• Your task
If a record holds a picture, leave the picture out and repeat everything else exactly.

• Source data

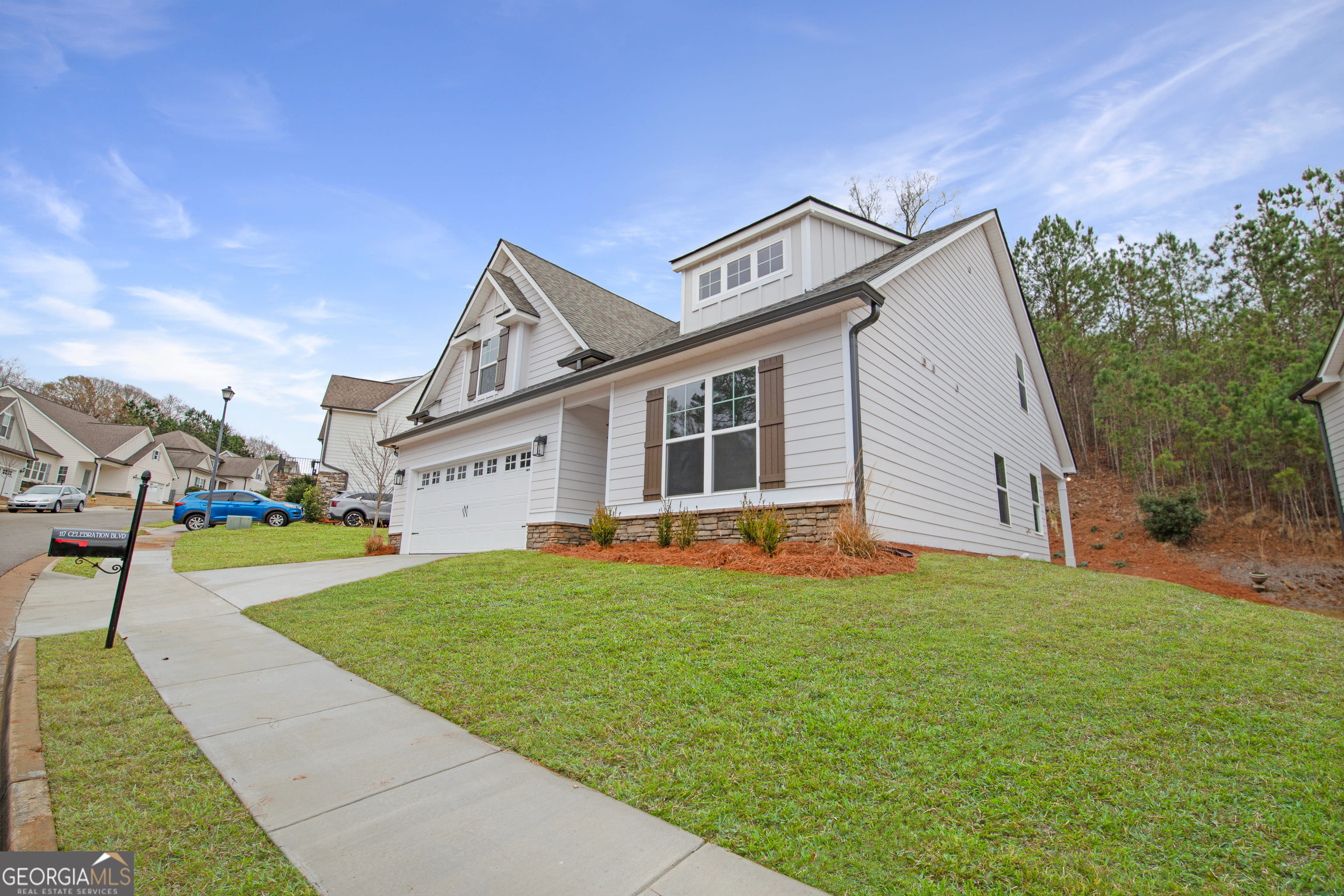 129 Celebration, Lagrange, GA, 30241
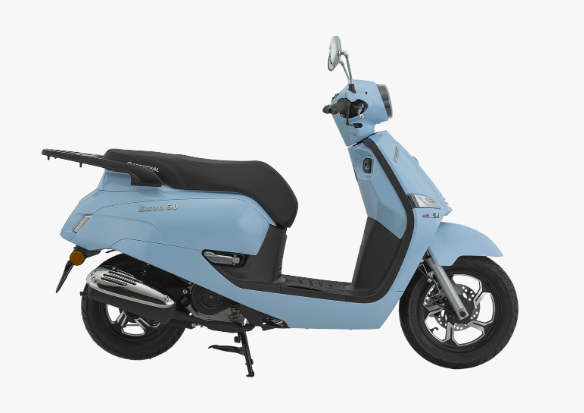 Mondial 50 Exon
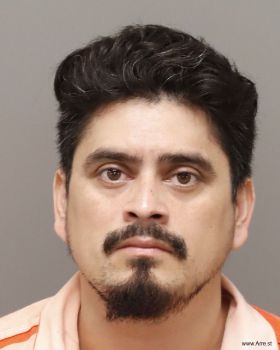 Edgar Valen Rodriguez-medran Mugshot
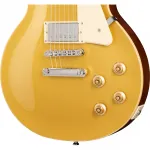 Электрогитара Epiphone Les Paul Standard 50-х годов - Goldtop - фото 7
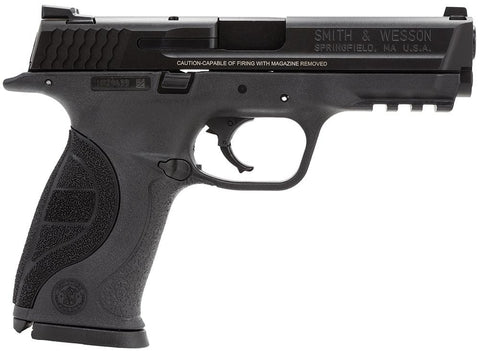 S&W M&P9    178035 PRO 9M 4 NS 4.5 TRG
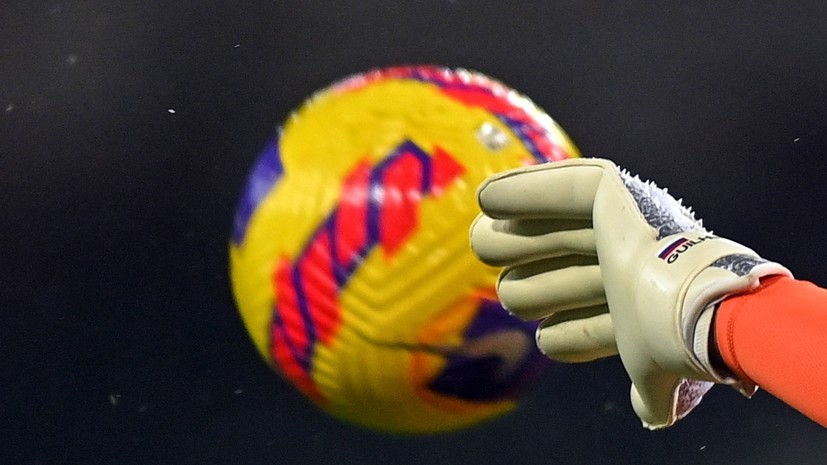 ФНЛ готова принять четыре клуба из Крыма в состав Второй лиги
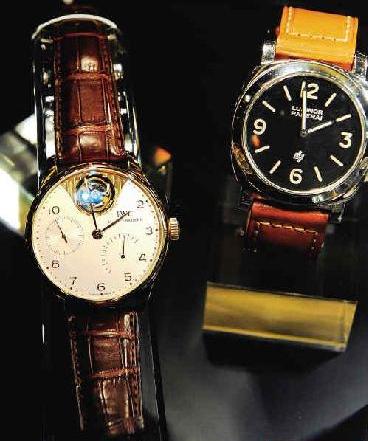 高端品牌年产量过百万外部零件多是“中国制造”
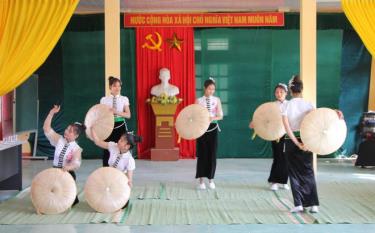 Phong trào “TDĐKXDĐSVH” đã góp phần nâng cao toàn diện đời sống vật chất và tinh thần của nhân dân.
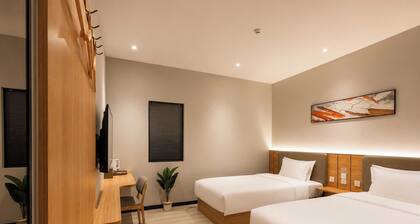 Sevendays Hotel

• Finished exercise
 129 Celebration, Lagrange, GA, 30241
 Mondial 50 Exon
 Edgar Valen Rodriguez-medran Mugshot
 Электрогитара Epiphone Les Paul Standard 50-х годов - Goldtop - фото 7
 S&W M&P9    178035 PRO 9M 4 NS 4.5 TRG
 ФНЛ готова принять четыре клуба из Крыма в состав Второй лиги
 高端品牌年产量过百万外部零件多是“中国制造”
 Phong trào “TDĐKXDĐSVH” đã góp phần nâng cao toàn diện đời sống vật chất và tinh thần của nhân dân.
 Sevendays Hotel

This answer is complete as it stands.